The answer to the question why do these three Internet ideologies exist? is rather obvious. Ideologies shelter the truth by giving all three – global library, cyber-security and military, and communal-democratic – two ideological appearances: a) being natural and b) by assuming to have a taken-for-granted quality. Both can render the colonization of the Internet by corporations as a given, and as a natural development.
Even a somewhat outdated idea like Al Gore’s information superhighway, was never more than a metaphor for economic progress from above. It aided companies and corporations. To achieve the tasks set by ideology – to disguise inherent contradictions, support domination, and prevent emancipation – quasi-mythical hallucinations were invented.
One of which tells us that in the world of the Internet – everything is connected. Ideologies such as these have assumed a special status. They aid the idea that the Internet is simply a network while de-emphasizing that a handful of corporations control the Internet.
Worse, they smokescreen the fact that the Internet was never democratic. Instead, its hierarchical structures were driven by technology in the hands of corporations until today. The alluring idea that the Internet is an organizing tool for horizontality and egalitarian life remains an illusion.
Most importantly, it was not only directly linked to conceptual models of networks but it aided the un-questioned acceptance of the Internet controlled by corporations. Actually, access to the Internet occurs more often than not through just two corporations: Alphabet’s Google and Facebook. In other words, the Internet might better be called “corporate Internet”.
Key to the network ideology is none other than the infamous RAND Corporation where a certain Paul Baran worked in 1964 on something called Distributed Communication. Baran’s idea is relatively clear, simple, and straightforward. It depicts three models of computer networks: a) a centralized network or what he called, the star model; b) a decentralized or tree network; and, c) distributed network.
While these three present rather seductive images, the most famous – the distributed network – was never built. Even better is the fact that this is irrelevant. What is relevant for the ideological of the Internet is that it places an image into the head of many. This image helped making the Internet and its subsequent takeover by corporations acceptable. The image overlaid reality.

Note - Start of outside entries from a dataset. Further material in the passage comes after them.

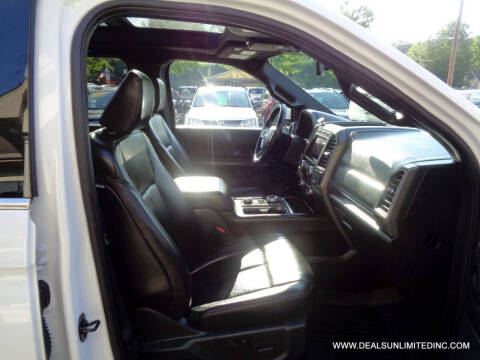 2021 Ford Expedition MAX XLT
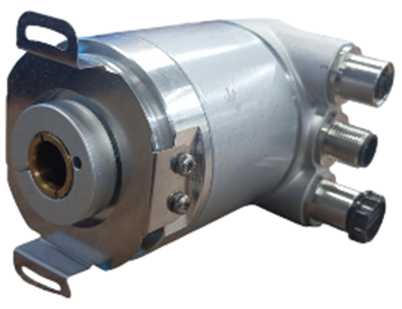 Внешний вид. Энкодеры поворотные, http://oei-analitika.ru рисунок № 2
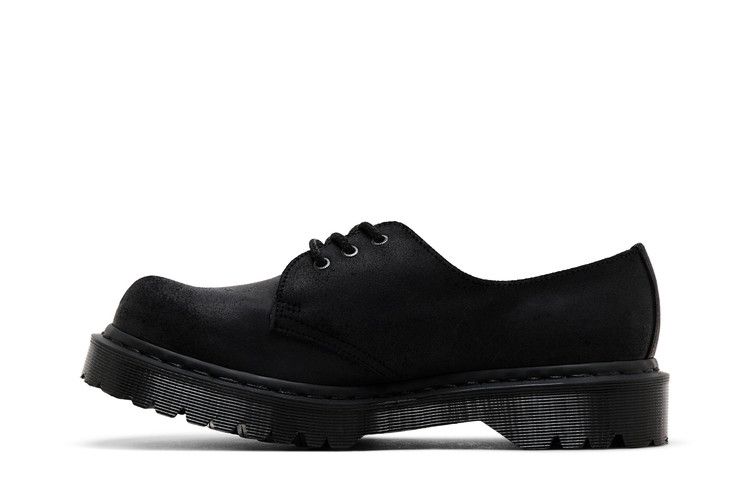 Dr. Martens 1461 Bex Bump Toe 'Black'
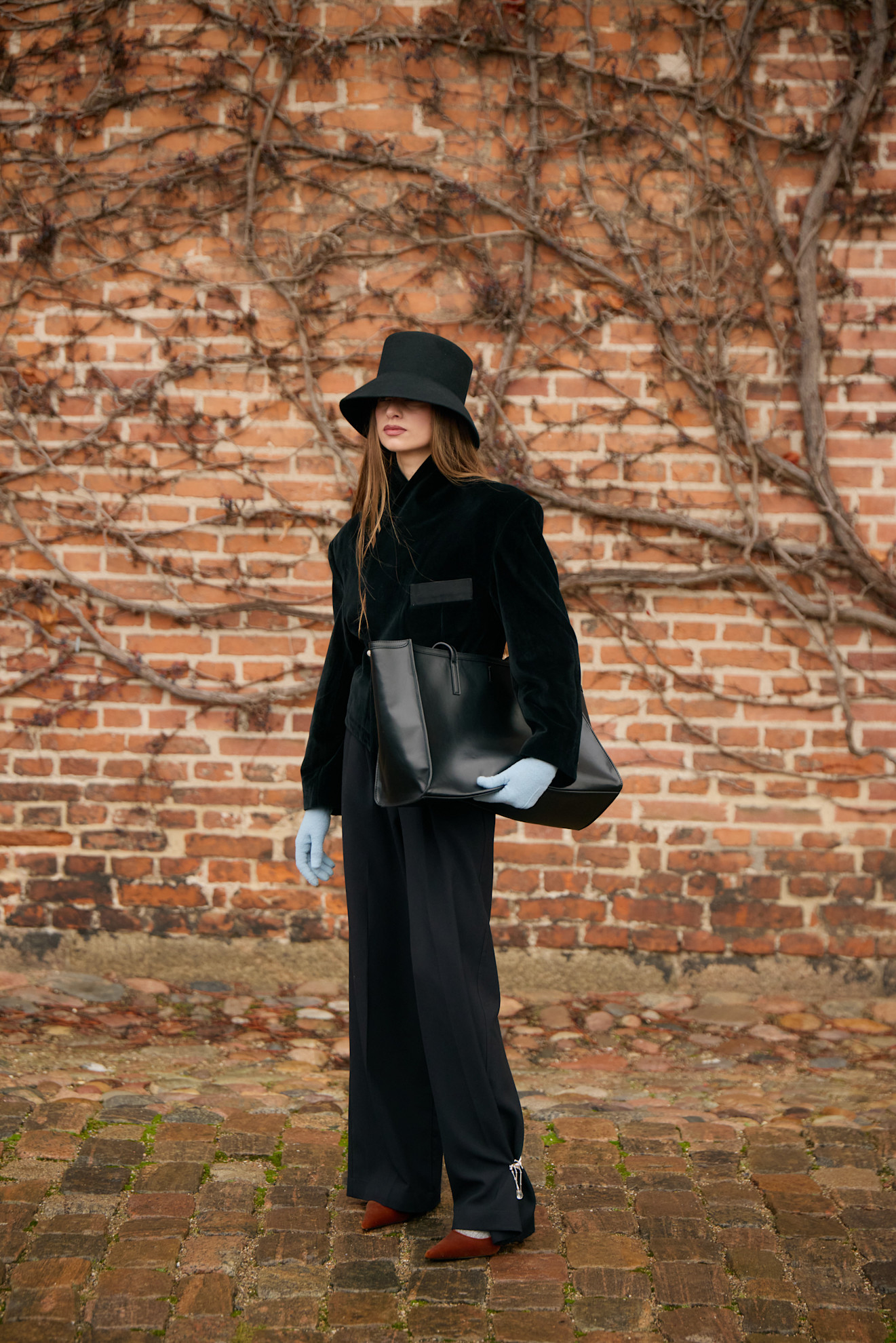 Najbolji street style uvijek vidimo u Kopenhagenu. Tri trenda definitivno dominiraju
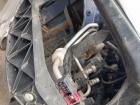 Opel Corsa D original Schloßträger Frontmittelteil Luftleitblech 13191106 Bj2012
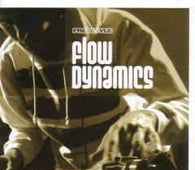Flow Dynamics "Flow Dynamics" CD - new sound dimensions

When people hear the term “network”, they tend to think about the distribution model with no hierarchy and no top-down arrangement. And best of all, with no corporations running the Internet for a profit. This is the power of the image working rather neatly as an ideology to legitimize the corporations that dominate the Internet.
With that, this image of a network quickly became a multi-dimensional object of corporate desire, even as a fetish. Today, the image of a horizontal network determines virtually all thinking of such an assemblage of a server-linked Internet network.
We are left – not with Baran’s reality – but, with a technology of the mind as the symbolic image of Baran’s network. This has set the tone, discourse, and image of a techno-network aiding the hallucinations of an Internet free from corporate influences.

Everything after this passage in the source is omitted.